Hacker News new | ask | show | jobs
by gchpaco 3504 days ago
A formal language is basically just a mathematical set of acceptable strings made up of symbols in a (typically finite) alphabet; thus the smallest is probably the empty set, or if you insist on an accepting path, a set containing only the empty string.

The interesting part comes up when you want to match an infinite set of strings with an algorithm.

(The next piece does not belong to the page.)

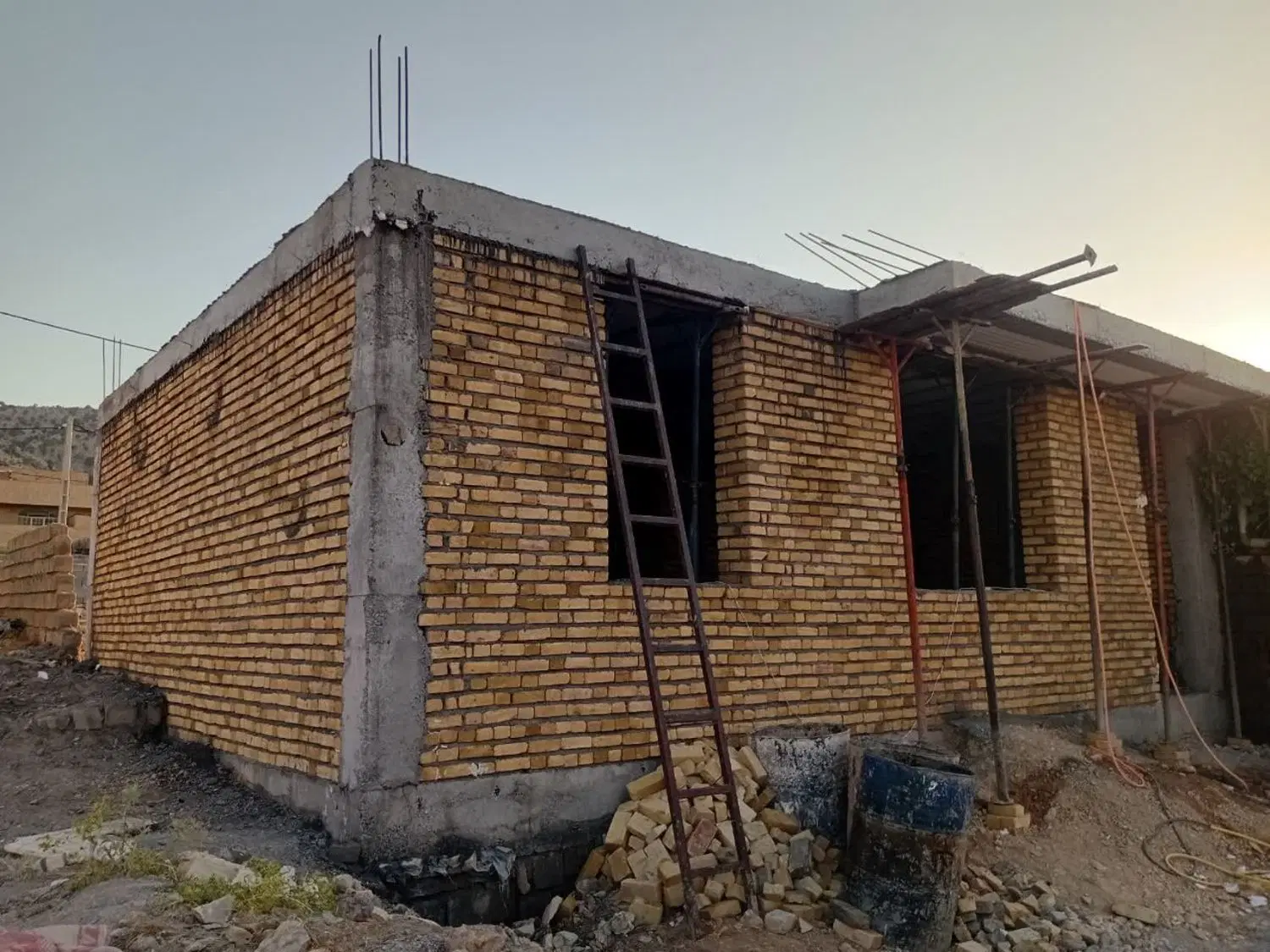 زمین ۱۱۰ متری سرطاف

Probably the simplest such algorithm would be "regardless of input, accept" which isn't exactly useful but would suffice.

It's dissatisfying to have an algorithm that puts weird, arbitrary restrictions on composing languages; for example it's usually the case that if you take a language L1 and a language L2 that are both acceptable to the algorithm, the concatenation (for every string in L1 and every string in L2, the concatenation of their strings is in the new language) language is usually acceptable to the algorithm.

Some commonly used languages do not have all of these properties; in particular the intersection of two context-free languages may not be a CFL, nor the complement. Deterministic context free languages are even more restrictive. You seem to need to give some things up as you move up the language hierarchy in power; in particular string homomorphism and intersection seem to be mutually exclusive in languages more powerful than regular expressions.

If you're interested, the theory of abstract families of languages has been studied, although I do not know a lot about it myself.